The new database are Entrenamiento (training) and Validacion (testing)
set.seed(3234)
muestra <- floor(nrow(DataBase)*0.8)
trIndex <- sample(nrow(DataBase), muestra, replace=F)
vaIndex <- seq_len(nrow(DataBase))[!(seq_len(nrow(DataBase)) %in% trIndex)]
Entrenamiento <- DataBase[trIndex,]
Validacion <- DataBase[vaIndex,]
A logistic regression to determinate if the person will accept or no the card its the first step, in this case i want to determinate the acceptation or no of the card with this data:
TIENE_CAJAAHORRO_SISTFIN (Have check account in bank)
INGRESO_FORMAL (Formal income)
edad (age)
JUBILADO (retired)
PLANES.SOCIALES (Have social government income)

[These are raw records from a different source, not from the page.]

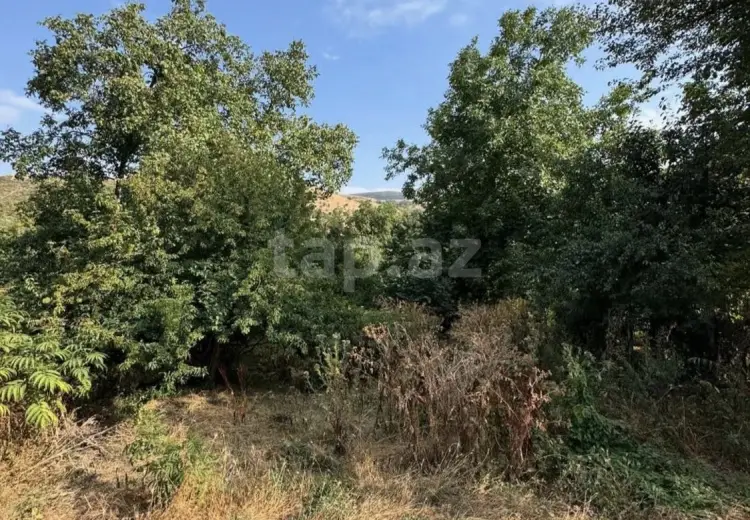 5 otaqlı mənzil , Göygöl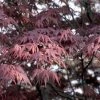 Japanse Esdoorn (Acer Palmatum 'Bloodgood') 1 Japanse Esdoorn (Acer Palmatum 'Bloodgood') -Groene Wereld acpblood 12 1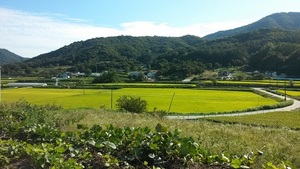 [NSP PHOTO]천안시, 북면 옛 마을길 스토리텔링 공간 조성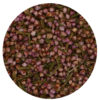 EDIBLE DRIED FLOWERS HEATHER 10G - Image 2
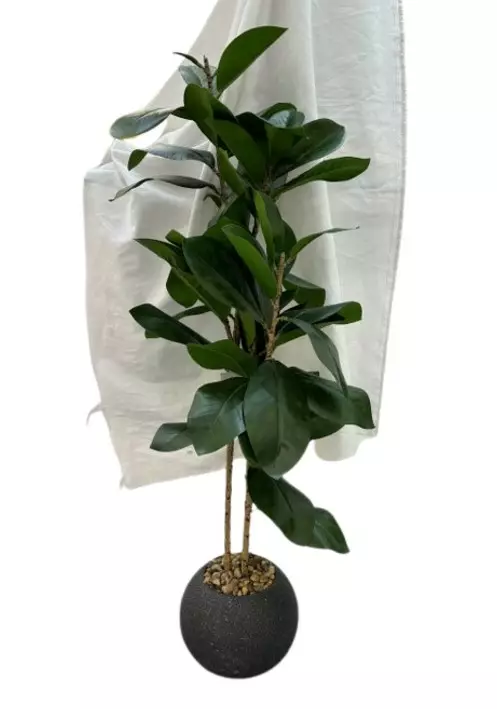Viherkasvi muoviruukussa 90cm - Artificial plants and flowers - 182603 - 1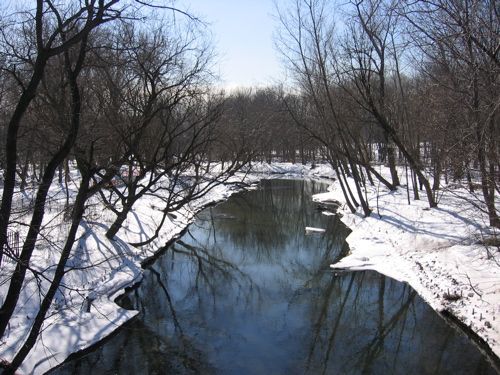 File:Bronxriver.jpg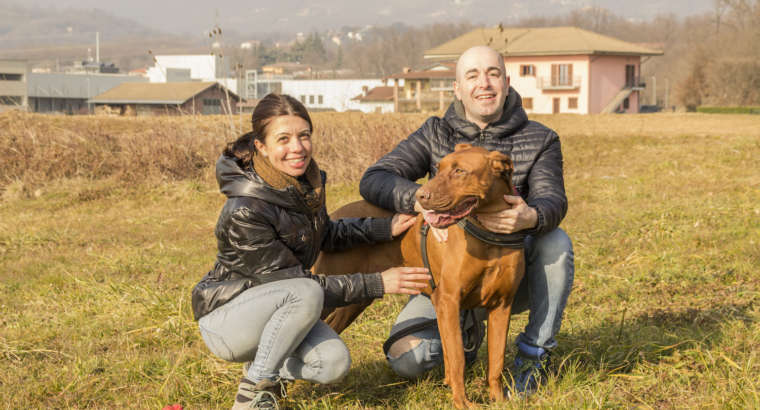 Perché decidiamo di prenderci un cane?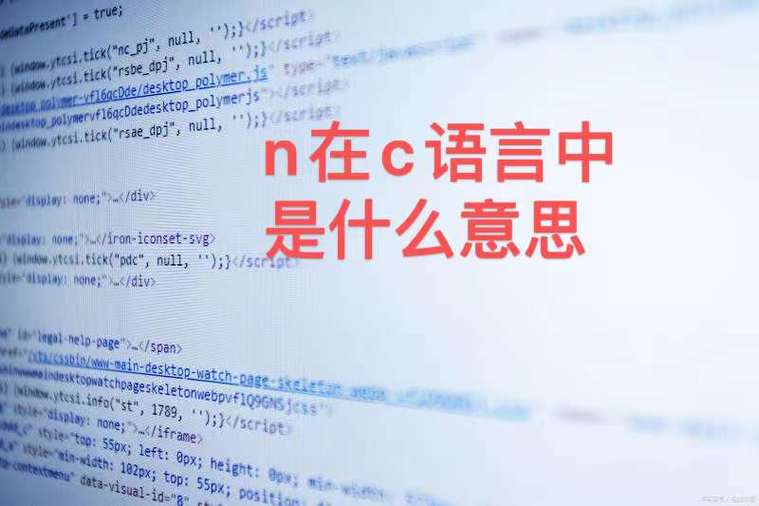 nn行为是什么意思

DataBaseRegresionTarjeta <- DataBase
modelo <- glm(DataBaseRegresionTarjeta$ACEPTO.TARJETA ~ TIENE_CAJAAHORRO_SISTFIN + INGRESO_FORMAL + edad + JUBILADO + PLANES.SOCIALES, data=DataBaseRegresionTarjeta, family=binomial(link="logit"))
summary(modelo)
Call:
glm(formula = DataBaseRegresionTarjeta$ACEPTO.TARJETA ~ TIENE_CAJAAHORRO_SISTFIN +
INGRESO_FORMAL + edad + JUBILADO + PLANES.SOCIALES, family = binomial(link = "logit"),
data = DataBaseRegresionTarjeta)
Deviance Residuals:
Min 1Q Median 3Q Max
-2.5749 -0.5527 -0.3941 -0.3418 2.4200
Coefficients:
Estimate Std. Error z value Pr(>|z|)
(Intercept) -1.103e+00 2.266e-01 -4.870 1.12e-06 ***
TIENE_CAJAAHORRO_SISTFIN -9.011e-01 9.451e-02 -9.534 < 2e-16 ***
INGRESO_FORMAL -7.924e-06 2.623e-06 -3.021 0.00252 **
edad -7.614e-03 4.483e-03 -1.698 0.08941 .
JUBILADO 2.295e+00 1.436e-01 15.983 < 2e-16 ***
PLANES.SOCIALES 2.543e+00 1.303e-01 19.519 < 2e-16 ***
---
Signif. codes: 0 ‘***’ 0.001 ‘**’ 0.01 ‘*’ 0.05 ‘.’ 0.1 ‘ ’ 1
(Dispersion parameter for binomial family taken to be 1)
Null deviance: 4153.7 on 3999 degrees of freedom
Residual deviance: 3114.3 on 3994 degrees of freedom
AIC: 3126.3
Number of Fisher Scoring iterations: 5
I predict into the testing model the col of accept the card or no.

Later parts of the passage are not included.